Am I a “Goldfish Jew”?

By BERNIE BELLAN (Posted May 11) I’ve been called a lot of names in my lifetime, but until today I had never seen myself referred to as a “Goldfish Jew.” I don’t make a habit of reading a website called thej.ca (which, by the way, played an instrumental role in having Jacob Brodovsky removed as co-executive director of BB Camp.) But, there it was: a lengthy diatribe denouncing me over my coming to the defence of Jacob Brodovsky.

It may surprise readers of this website who may have read my articles about the BB Camp controversy, but I rather like Ron East. (And Ron, if you’re reading this, you may be the most surprised of all to read that. I know how many challenges you’ve had in your life and I wish you nothing but the best.)

But you really confounded me with this line in the article in which you really went after me hard: “Bellan and his woke coterie epitomize the Goldfish Jew syndrome: virtuous but shallow, blissfully unaware of the churning antisemitic currents around them. Their moral posturing yields real-world consequences.”

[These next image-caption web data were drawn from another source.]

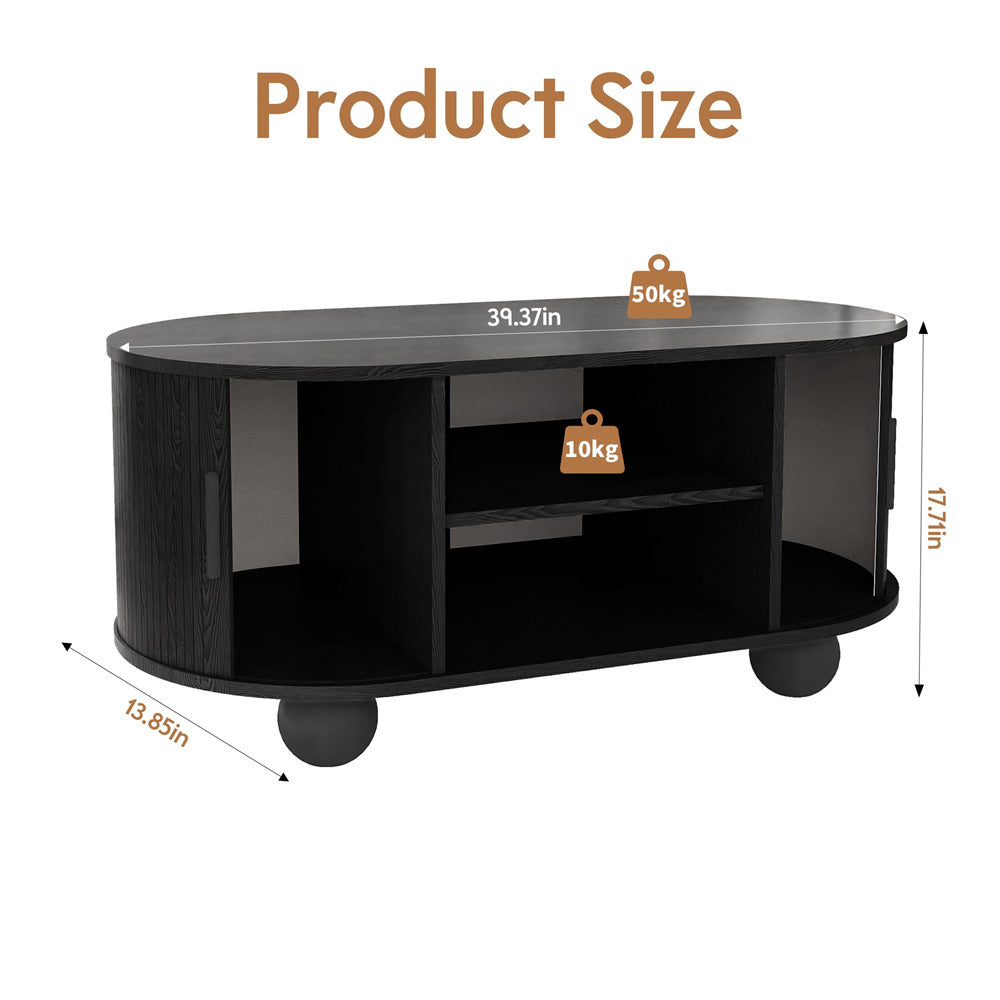 Black Mid-Century Modern Oval Fluted Coffee Table with Storage & Sliding Doors
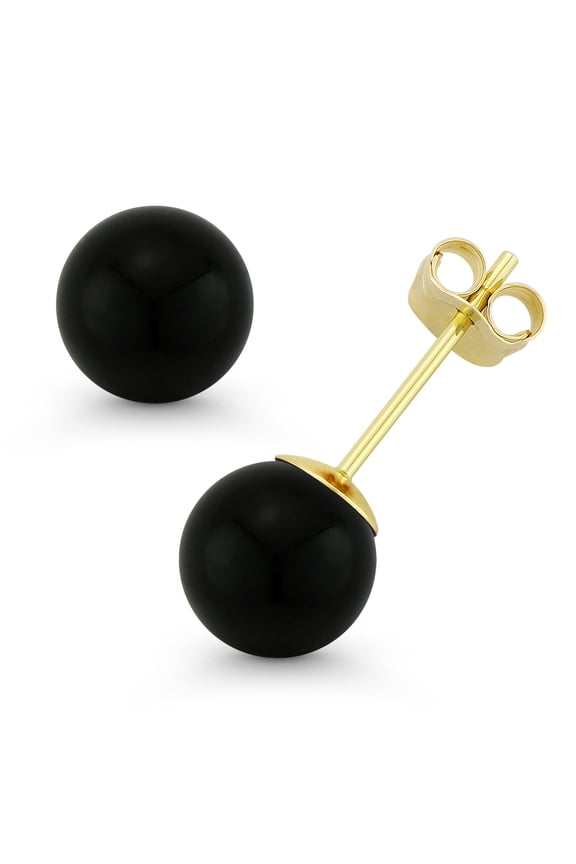 Black Onyx Ball Stud Earrings in Solid 14k Yellow or White Gold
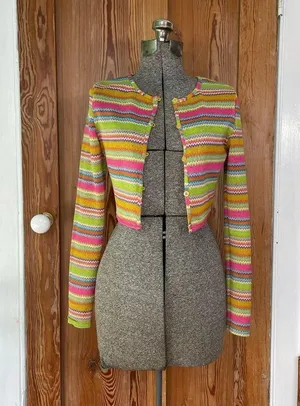 Blue Blush Rainbow Daze Knit Crop Cardigan - Size Medium thumbnail 1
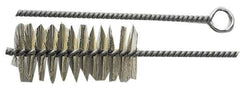 Schaefer Brush - 3" Long x 7/8" Diam Brass Long Handle Wire Tube Brush - Single Spiral, 15" OAL, 0.006" Wire Diam, 3/8" Shank Diam - Industrial Tool & Supply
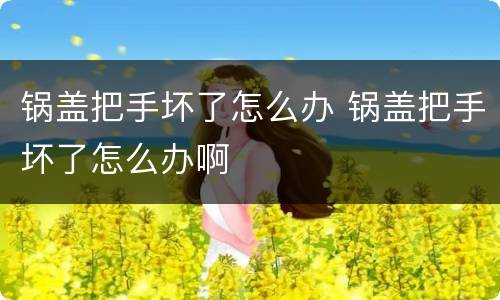 锅盖把手坏了怎么办 锅盖把手坏了怎么办啊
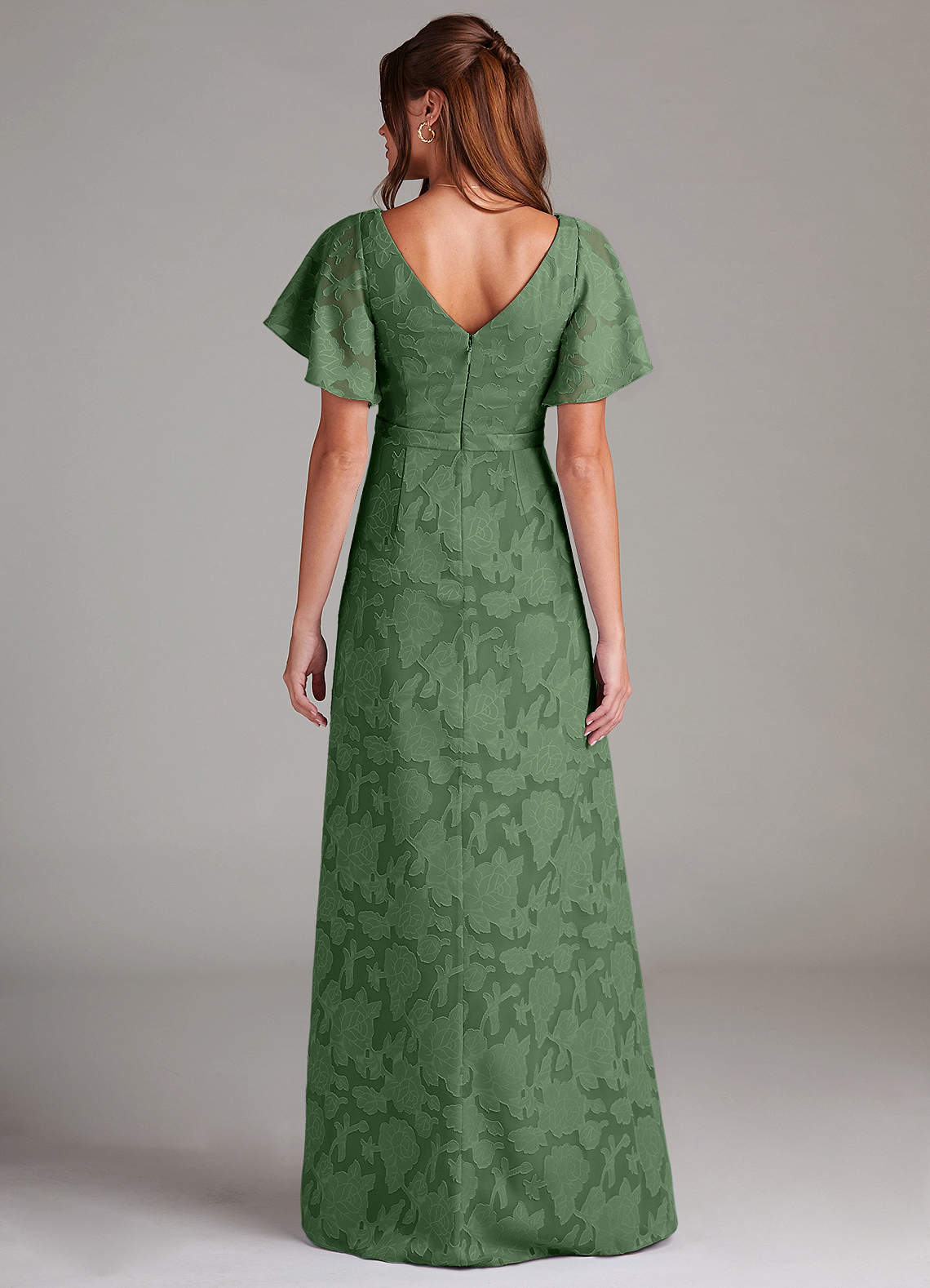 Azazie Ambrosia Bridesmaid Dresses Eucalyptus A-Line Pleated Floral Burnout Dress image6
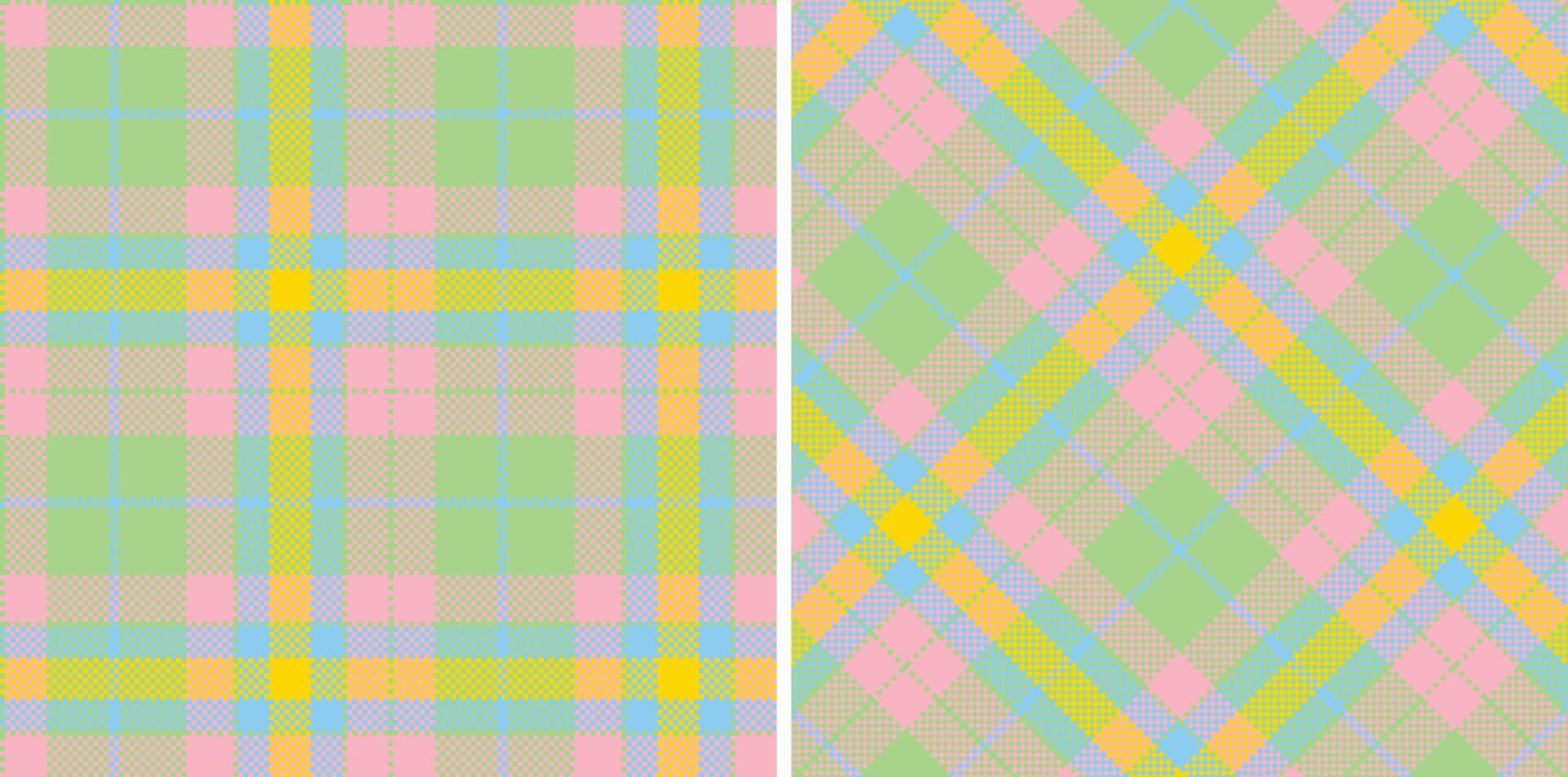 Spring Dusty Mint Green and Muted Soft Pink Seamless Madras Plaid Textile Design vector
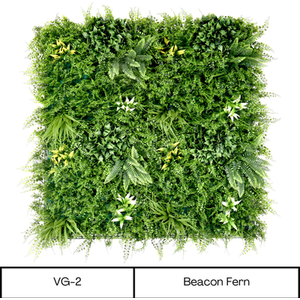 Artificial Plant Flower Living Wall Panels Realistic - 1m x 1m - Outdoor Indoor - Green / Beacon Fern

Wow! “Goldfish Jew?” I tried to look it up to see whether that term has any sort of real definition. Here’s all I could come up with:

The phrase “goldfish jew” is not a term with a widely recognized meaning and may not be intended as a literal reference. The phrase could be interpreted in a few ways:

1. Literally: 
As a play on words, referencing a literal goldfish and its potential connection to Jewish culture. Goldfish are sometimes used as decorations or symbols in Jewish cultural contexts, like Nowruz celebrations. 



2. Cultural Reference:

As a reference to a specific type of gefilte fish, a traditional Jewish dish. Some variations of gefilte fish are considered “sweet” or “savory,” reflecting the cultural preferences of different Ashkenazi Jewish communities in Europe, according to Wikipedia

3. Jokes and Humor:

As a humorous reference, potentially based on the appearance of goldfish or a play on words involving the term “jew.” The term “Jewish” can be used in a humorous or lighthearted way in certain contexts, as seen in posts on Instagram or YouTube

In summary: “Goldfish jew” can be interpreted in several ways, ranging from literal references to Jewish culture, to humorous uses of the term.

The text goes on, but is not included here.